Records excerpted from a collection:
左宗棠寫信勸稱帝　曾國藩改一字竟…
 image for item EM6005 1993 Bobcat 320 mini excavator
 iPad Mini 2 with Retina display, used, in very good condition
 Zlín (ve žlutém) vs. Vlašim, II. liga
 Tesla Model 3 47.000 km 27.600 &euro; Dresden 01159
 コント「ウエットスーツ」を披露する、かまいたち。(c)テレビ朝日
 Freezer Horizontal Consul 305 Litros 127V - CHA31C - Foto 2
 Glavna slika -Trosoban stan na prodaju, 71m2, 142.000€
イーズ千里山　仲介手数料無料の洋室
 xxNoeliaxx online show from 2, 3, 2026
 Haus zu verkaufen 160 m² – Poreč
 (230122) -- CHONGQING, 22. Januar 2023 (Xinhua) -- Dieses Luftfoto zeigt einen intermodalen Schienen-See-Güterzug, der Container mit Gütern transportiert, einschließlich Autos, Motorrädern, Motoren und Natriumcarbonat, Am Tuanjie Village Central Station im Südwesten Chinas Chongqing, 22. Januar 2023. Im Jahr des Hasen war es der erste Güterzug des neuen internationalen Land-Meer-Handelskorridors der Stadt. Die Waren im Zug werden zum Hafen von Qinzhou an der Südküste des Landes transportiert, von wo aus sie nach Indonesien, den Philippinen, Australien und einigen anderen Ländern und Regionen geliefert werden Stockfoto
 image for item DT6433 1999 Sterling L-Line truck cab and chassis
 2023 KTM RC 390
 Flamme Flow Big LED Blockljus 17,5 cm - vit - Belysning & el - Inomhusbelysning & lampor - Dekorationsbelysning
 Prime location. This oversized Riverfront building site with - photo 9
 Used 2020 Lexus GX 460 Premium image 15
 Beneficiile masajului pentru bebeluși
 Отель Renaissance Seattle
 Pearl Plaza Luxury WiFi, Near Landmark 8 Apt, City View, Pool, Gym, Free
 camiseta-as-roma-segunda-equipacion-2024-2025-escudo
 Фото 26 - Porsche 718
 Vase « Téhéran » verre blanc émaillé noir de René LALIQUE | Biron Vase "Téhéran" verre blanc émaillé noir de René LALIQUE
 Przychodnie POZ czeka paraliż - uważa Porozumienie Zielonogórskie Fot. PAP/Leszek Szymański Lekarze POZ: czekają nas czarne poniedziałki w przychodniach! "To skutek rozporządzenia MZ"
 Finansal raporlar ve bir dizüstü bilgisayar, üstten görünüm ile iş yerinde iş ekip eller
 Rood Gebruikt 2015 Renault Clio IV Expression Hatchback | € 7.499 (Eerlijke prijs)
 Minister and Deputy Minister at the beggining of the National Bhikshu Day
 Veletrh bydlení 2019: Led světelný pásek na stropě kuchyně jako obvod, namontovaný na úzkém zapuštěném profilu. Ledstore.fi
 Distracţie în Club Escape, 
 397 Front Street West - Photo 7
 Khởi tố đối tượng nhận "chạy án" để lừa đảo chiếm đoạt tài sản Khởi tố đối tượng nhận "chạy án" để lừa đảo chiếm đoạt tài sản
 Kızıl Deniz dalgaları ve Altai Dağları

_What you need to do_.
The entries are to be repeated exactly, with nothing altered.

_Response_.
左宗棠寫信勸稱帝　曾國藩改一字竟…
 image for item EM6005 1993 Bobcat 320 mini excavator
 iPad Mini 2 with Retina display, used, in very good condition
 Zlín (ve žlutém) vs. Vlašim, II. liga
 Tesla Model 3 47.000 km 27.600 &euro; Dresden 01159
 コント「ウエットスーツ」を披露する、かまいたち。(c)テレビ朝日
 Freezer Horizontal Consul 305 Litros 127V - CHA31C - Foto 2
 Glavna slika -Trosoban stan na prodaju, 71m2, 142.000€
イーズ千里山　仲介手数料無料の洋室
 xxNoeliaxx online show from 2, 3, 2026
 Haus zu verkaufen 160 m² – Poreč
 (230122) -- CHONGQING, 22. Januar 2023 (Xinhua) -- Dieses Luftfoto zeigt einen intermodalen Schienen-See-Güterzug, der Container mit Gütern transportiert, einschließlich Autos, Motorrädern, Motoren und Natriumcarbonat, Am Tuanjie Village Central Station im Südwesten Chinas Chongqing, 22. Januar 2023. Im Jahr des Hasen war es der erste Güterzug des neuen internationalen Land-Meer-Handelskorridors der Stadt. Die Waren im Zug werden zum Hafen von Qinzhou an der Südküste des Landes transportiert, von wo aus sie nach Indonesien, den Philippinen, Australien und einigen anderen Ländern und Regionen geliefert werden Stockfoto
 image for item DT6433 1999 Sterling L-Line truck cab and chassis
 2023 KTM RC 390
 Flamme Flow Big LED Blockljus 17,5 cm - vit - Belysning & el - Inomhusbelysning & lampor - Dekorationsbelysning
 Prime location. This oversized Riverfront building site with - photo 9
 Used 2020 Lexus GX 460 Premium image 15
 Beneficiile masajului pentru bebeluși
 Отель Renaissance Seattle
 Pearl Plaza Luxury WiFi, Near Landmark 8 Apt, City View, Pool, Gym, Free
 camiseta-as-roma-segunda-equipacion-2024-2025-escudo
 Фото 26 - Porsche 718
 Vase « Téhéran » verre blanc émaillé noir de René LALIQUE | Biron Vase "Téhéran" verre blanc émaillé noir de René LALIQUE
 Przychodnie POZ czeka paraliż - uważa Porozumienie Zielonogórskie Fot. PAP/Leszek Szymański Lekarze POZ: czekają nas czarne poniedziałki w przychodniach! "To skutek rozporządzenia MZ"
 Finansal raporlar ve bir dizüstü bilgisayar, üstten görünüm ile iş yerinde iş ekip eller
 Rood Gebruikt 2015 Renault Clio IV Expression Hatchback | € 7.499 (Eerlijke prijs)
 Minister and Deputy Minister at the beggining of the National Bhikshu Day
 Veletrh bydlení 2019: Led světelný pásek na stropě kuchyně jako obvod, namontovaný na úzkém zapuštěném profilu. Ledstore.fi
 Distracţie în Club Escape, 
 397 Front Street West - Photo 7
 Khởi tố đối tượng nhận "chạy án" để lừa đảo chiếm đoạt tài sản Khởi tố đối tượng nhận "chạy án" để lừa đảo chiếm đoạt tài sản
 Kızıl Deniz dalgaları ve Altai Dağları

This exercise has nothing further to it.